As well as her academic post, Jennifer is a highly active member of the Royal Statistical Society, currently sitting on RSS Council and being the Society's Vice President for External Affairs. Jennifer can also regularly be talking all things statistics in schools, theatres and pubs, as well as the odd TV and radio appearance. You may have seen her on the TV programmes BBC Watchdog, where she considered Ryanair's "random" seating allocation, and Mystery Map - in which she calculated the chance of dying from spontaneous human combustion!
Katie Chicot - To infinity and beyond!
The infinitely large and the infinitely small are mind-blowing concepts that have helped mathematicians to solve some very real, and finite, problems. We will explore the mysteries and misconceptions of infinity, from ancient puzzles to some of the very latest mathematical research, taking you to infinity... and beyond.
Katie Chicot is a Senior Lecturer, Staff Tutor in Maths & Statistics for the Open University. Her interest in all things mathematical stems from a love of investigation and challenge. Tackling mathematical problems and encouraging others to engage with mathematical investigations are the cornerstones of Katie’s work.
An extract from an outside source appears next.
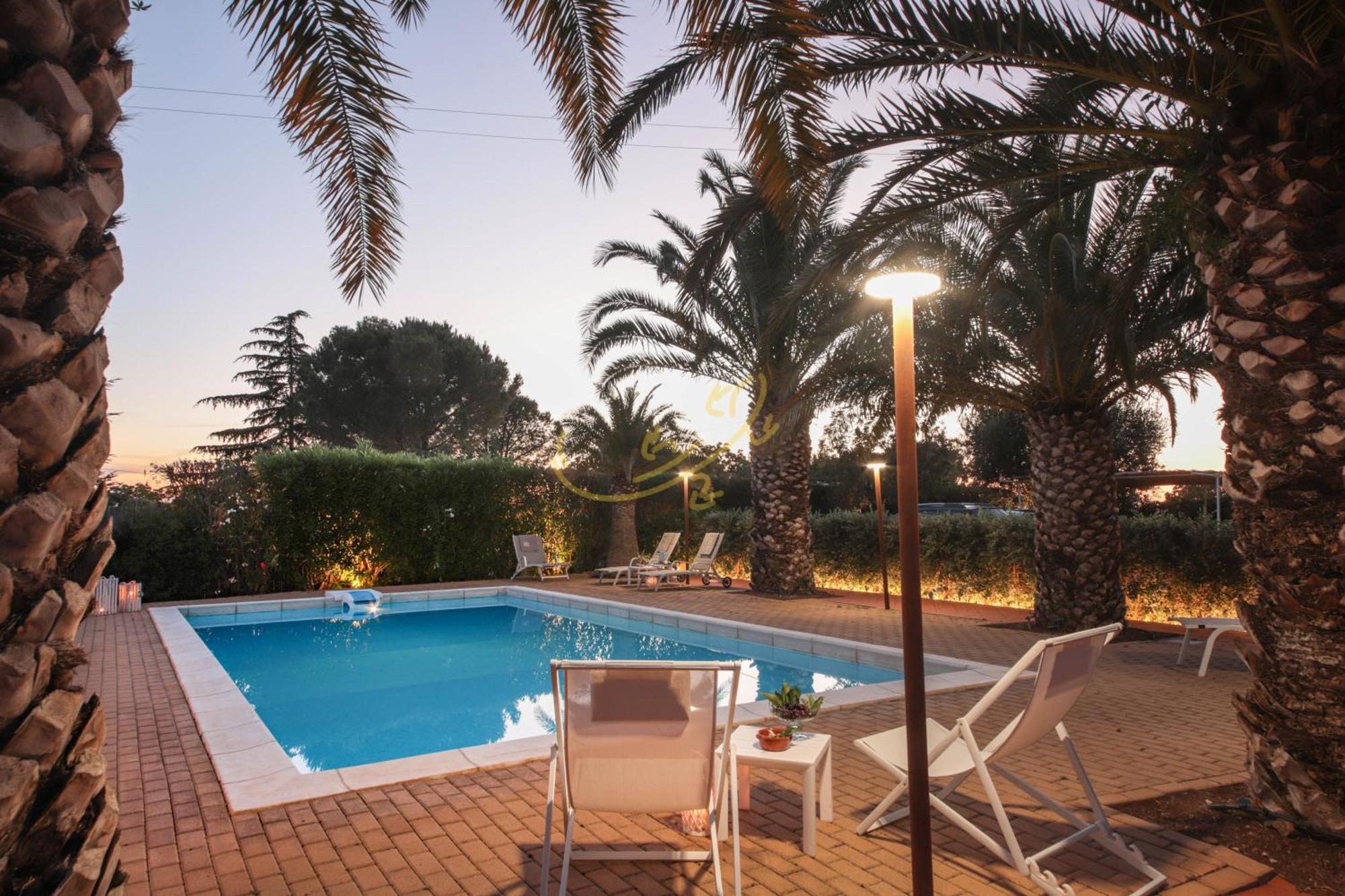 Td Villa Marinesca Typical Villa With Pool Polignano a Mare Exteriör bild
Katie has tried all sorts of means of communicating mathematics including co-creating the series ‘Patterns of life’ for OU iTunes, captaining the OU’s team on BBC2’s Beat the Brain, participating in Facebook events and more seriously as academic consultant to BBC Radio 4’s "More or Less".
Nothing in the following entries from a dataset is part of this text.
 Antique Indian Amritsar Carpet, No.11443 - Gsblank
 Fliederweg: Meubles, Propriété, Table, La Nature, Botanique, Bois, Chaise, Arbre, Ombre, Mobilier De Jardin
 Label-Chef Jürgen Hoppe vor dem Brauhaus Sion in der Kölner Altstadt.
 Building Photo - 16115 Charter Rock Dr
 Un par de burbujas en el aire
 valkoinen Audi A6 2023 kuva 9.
Her most recent venture is the creation of a brain teaser app, Perplex.
Martina Balagovic - Geometry in 1, 2, 3, 4, 17 and 1.26 dimensions
'll talk about how to define dimension, starting from the fact that we all have some intuitive idea of what it is. Most of us would agree about which geometric objects are 1, 2, and which are 3 dimensional. We will discuss how to explore that intuitive idea and arrive at a precise definition of dimension, which then allows us to easily manipulate similar objects of any dimension. We will then talk about limitations and possible generalisations of such definitions - what if the geometric object is curved? What if it is very spiky, like a fractal? Along the way, we will meet geometric objects of interesting dimensions and unexpected behaviour, and talk about the importance of going from intuition to definition.
Martina Balagovic completed her PhD at MIT in 2011, and is now a Lecturer at Newcastle University. Her research is in Algebra and Representation theory, where she studies algebraic structures representing symmetries. Problems in physics are rephrased in the more abstract language of geometry and algebra, then simplified using symmetries. These abstract algebraic structures are represented in terms of linear algebra, which allows one to do hands-on computations.
Martina loves puzzles and has become a mathematician in the secret hope that she can solve puzzles all day. She also loves all aspects of teaching, from popular mathematics talks, university-level courses, postgraduate teaching, YouTube lectures on linear algebra, to mentoring students as they start research. She believes a good mathematical education is a cornerstone for an every increasing number of successful careers.